The bill requires criminal penalty and removability for financing unlawful entry Chapter 8 of title II of the Immigration and Nationality Act (8 U.S.C and requires financing unlawful entry Any person who transmits money, property, or any item of value through interstate commerce with the intent to finance a violation of section 273, 274, 275, 276, or 277 shall be fined. It relies on compliance mandates and definition changes. The main policy areas are Business, Finance, Civil Rights, and Criminal Justice.

Who Benefits and How

The main beneficiaries are the people, organizations, or agencies identified in the bill's substantive provisions.

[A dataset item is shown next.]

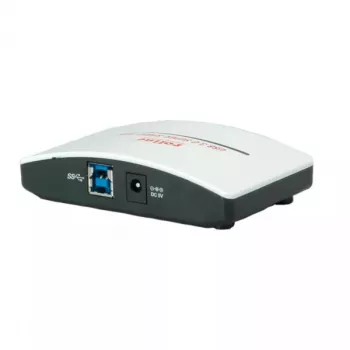 USB Hub ROLINE Schwarz & Weiß 4 Ports mit Netzteil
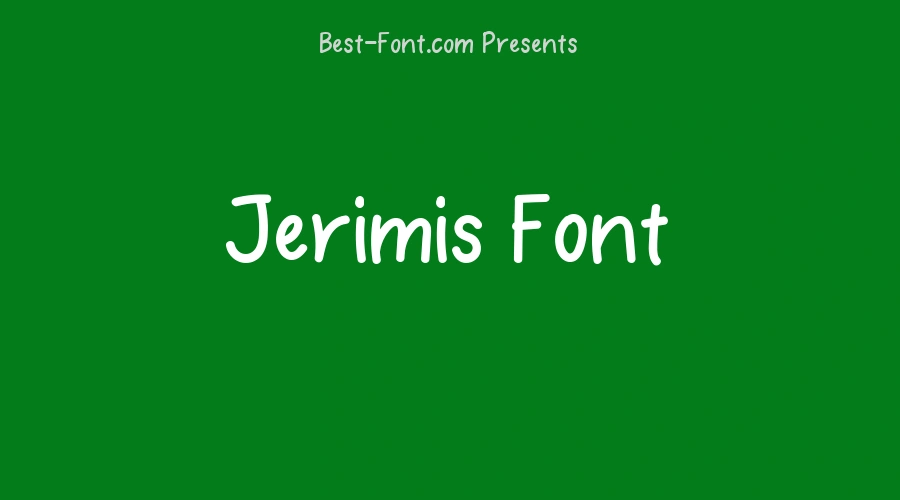 Jerimis Font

Who Bears the Burden and How

Federal, state, or local agencies responsible for implementing the clause would take on compliance duties, Law enforcement, justice-system actors, and affected communities would take on compliance duties, and Immigrants, asylum seekers, and border communities affected by the bill would take on compliance duties.

Key Provisions

  • Requires criminal penalty and removability for financing unlawful entry Chapter 8 of title II of the Immigration and Nationality Act (8 U.S.C.
  • Requires financing unlawful entry Any person who transmits money, property, or any item of value through interstate commerce with the intent to finance a violation of section 273, 274, 275, 276, or 277 shall be fined...

Evidence Chain:

This summary is generated from the full bill text using AI analysis. Expand "Detailed Analysis" below for identified beneficiaries/burden bearers with clause-level evidence links.

At a Glance

What This Bill Does

The bill requires criminal penalty and removability for financing unlawful entry Chapter 8 of title II of the Immigration and Nationality Act (8 U.S.C and requires financing unlawful entry Any person who transmits money, property, or any item of value through interstate commerce with the intent to finance a violation of section 273, 274, 275, 276, or 277 shall be fined.

Key Policy Areas

Business, Finance, Civil Rights, Criminal Justice

Primary Purpose

The bill requires criminal penalty and removability for financing unlawful entry Chapter 8 of title II of the Immigration and Nationality Act (8 U.S.C and requires financing unlawful entry Any person who transmits money, property, or any item of value through interstate commerce with the intent to finance a violation of section 273, 274, 275, 276, or 277 shall be fined.

Policy Domains

Business Finance Civil Rights Criminal Justice

Whole bill

Identified Costs
  • Federal, state, or local agencies responsible for implementing the clause
  • Law enforcement, justice-system actors, and affected communities
  • Immigrants, asylum seekers, and border communities affected by the bill
  • Businesses and employers affected by the bill
Model: codex-gpt-5:bulk-repair | Version: bill_summary_v2 | Source: is
Businesses and employers affected by the bill: ,
Law enforcement, justice-system actors, and affected communities: ,
Immigrants, asylum seekers, and border communities affected by the bill: ,
Federal, state, or local agencies responsible for implementing the clause: ,

Legislative Progress

Introduced
Introduced Committee Passed
Feb 9, 2023

Mr. Rubio (for himself, Mr. Marshall, Mr. Braun, Ms. Lummis, …

Stakeholder Effects

cui bono?

How this legislation distributes effects. Mention counts reflect frequency, not effect magnitude.

Law Enforcement
2 mentions across 2 clauses
-2 negative

Law enforcement, justice-system actors, and affected communities

2/3
sections analyzed
Full impact breakdown

Bill Structure & Actor Mappings

Who is "The Secretary" in each section?

Domains
Business Finance Civil Rights Criminal Justice

We use a combination of our own taxonomy and classification in addition to large language models to assess meaning and potential beneficiaries. High confidence means strong textual evidence. Always verify with the original bill text.